The use of ABI for patient care requires knowledgeable individuals who are trained to do so. Training is necessary for the full team of providers from the physicians, physician extenders, and nurses. One randomized control trial evaluated the optimal way to teach the ABI procedure to medical students. The study compared didactic versus experiential learning. Results showed that experiential learning significantly improved the ability to perform the test correctly accurately. (Level 2 evidence - small randomized control trial.)
Performance, application, and interpretation of ABI require an interprofessional team approach, including physicians, specialists, and specialty-trained nurses, all collaborating across disciplines to achieve optimal patient results. [Level V]
Performing ABI assessment does take time; estimated 15 minutes. As such, it will often fall on the duty of the nurse to perform the evaluation to assist in clinical flow.
Wound Care Providers
The key to monitoring is establishing protocols for ABI.

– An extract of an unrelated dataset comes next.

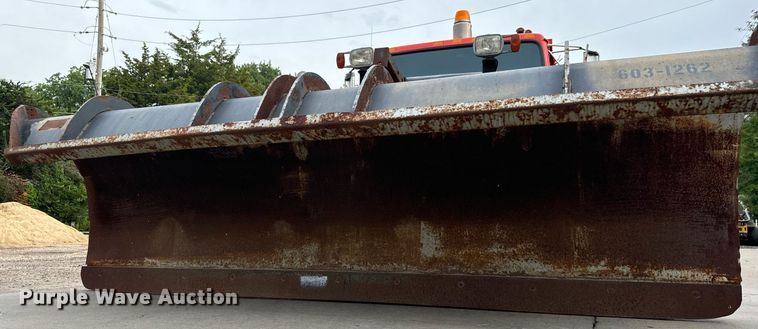 image for item MV9192 1993 International  4900 dump truck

An appropriate protocol for nursing monitoring should address the following three questions: Which values should I use? What periods to perform the test? When should I notify someone? Routine trauma monitoring for injuries such as knee dislocations has been suggested at intervals of every 2 hours. This approach should consist of clinical assessment and determination if ABI is necessary at the same time with every clinical evaluation. Other options include ABI at specific periods (i.e., a clinical exam every 2 hours and ABI every 4 hours) or only if there is a change in the clinical exam.